*** Input data Section Begins ***

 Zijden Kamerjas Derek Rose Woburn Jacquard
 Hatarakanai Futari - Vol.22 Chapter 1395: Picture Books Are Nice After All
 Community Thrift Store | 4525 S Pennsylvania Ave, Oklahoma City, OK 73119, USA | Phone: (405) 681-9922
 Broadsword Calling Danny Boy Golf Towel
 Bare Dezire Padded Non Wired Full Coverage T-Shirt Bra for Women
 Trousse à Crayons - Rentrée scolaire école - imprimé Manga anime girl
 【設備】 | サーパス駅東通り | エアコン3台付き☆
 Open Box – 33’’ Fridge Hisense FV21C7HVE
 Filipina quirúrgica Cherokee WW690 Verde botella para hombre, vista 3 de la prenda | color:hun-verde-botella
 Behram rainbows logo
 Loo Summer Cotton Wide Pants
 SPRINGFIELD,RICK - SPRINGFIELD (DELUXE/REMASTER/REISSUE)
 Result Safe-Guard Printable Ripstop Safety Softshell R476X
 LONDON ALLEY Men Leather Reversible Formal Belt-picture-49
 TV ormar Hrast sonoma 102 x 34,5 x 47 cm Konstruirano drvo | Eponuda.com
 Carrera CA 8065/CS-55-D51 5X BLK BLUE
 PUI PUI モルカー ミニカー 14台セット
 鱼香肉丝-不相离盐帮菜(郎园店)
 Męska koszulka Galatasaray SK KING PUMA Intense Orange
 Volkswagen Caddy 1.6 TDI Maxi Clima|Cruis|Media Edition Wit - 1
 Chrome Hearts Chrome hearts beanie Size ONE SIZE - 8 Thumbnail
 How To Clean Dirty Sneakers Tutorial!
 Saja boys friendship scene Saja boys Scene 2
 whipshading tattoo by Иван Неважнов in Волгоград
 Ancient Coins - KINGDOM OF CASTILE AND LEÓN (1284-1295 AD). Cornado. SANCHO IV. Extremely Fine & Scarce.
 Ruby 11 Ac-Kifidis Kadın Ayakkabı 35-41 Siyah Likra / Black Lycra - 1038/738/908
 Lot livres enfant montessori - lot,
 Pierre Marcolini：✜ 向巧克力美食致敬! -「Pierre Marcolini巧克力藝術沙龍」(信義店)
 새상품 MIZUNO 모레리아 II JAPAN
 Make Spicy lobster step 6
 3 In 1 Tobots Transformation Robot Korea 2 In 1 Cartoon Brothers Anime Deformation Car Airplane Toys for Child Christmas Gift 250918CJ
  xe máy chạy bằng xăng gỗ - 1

*** Input data Section Ends ***

What needs to be done:
Retype the listing above, word for word, from its first line to the line containing "Behram rainbows logo", both ends included.

Problem solution:
 Zijden Kamerjas Derek Rose Woburn Jacquard
 Hatarakanai Futari - Vol.22 Chapter 1395: Picture Books Are Nice After All
 Community Thrift Store | 4525 S Pennsylvania Ave, Oklahoma City, OK 73119, USA | Phone: (405) 681-9922
 Broadsword Calling Danny Boy Golf Towel
 Bare Dezire Padded Non Wired Full Coverage T-Shirt Bra for Women
 Trousse à Crayons - Rentrée scolaire école - imprimé Manga anime girl
 【設備】 | サーパス駅東通り | エアコン3台付き☆
 Open Box – 33’’ Fridge Hisense FV21C7HVE
 Filipina quirúrgica Cherokee WW690 Verde botella para hombre, vista 3 de la prenda | color:hun-verde-botella
 Behram rainbows logo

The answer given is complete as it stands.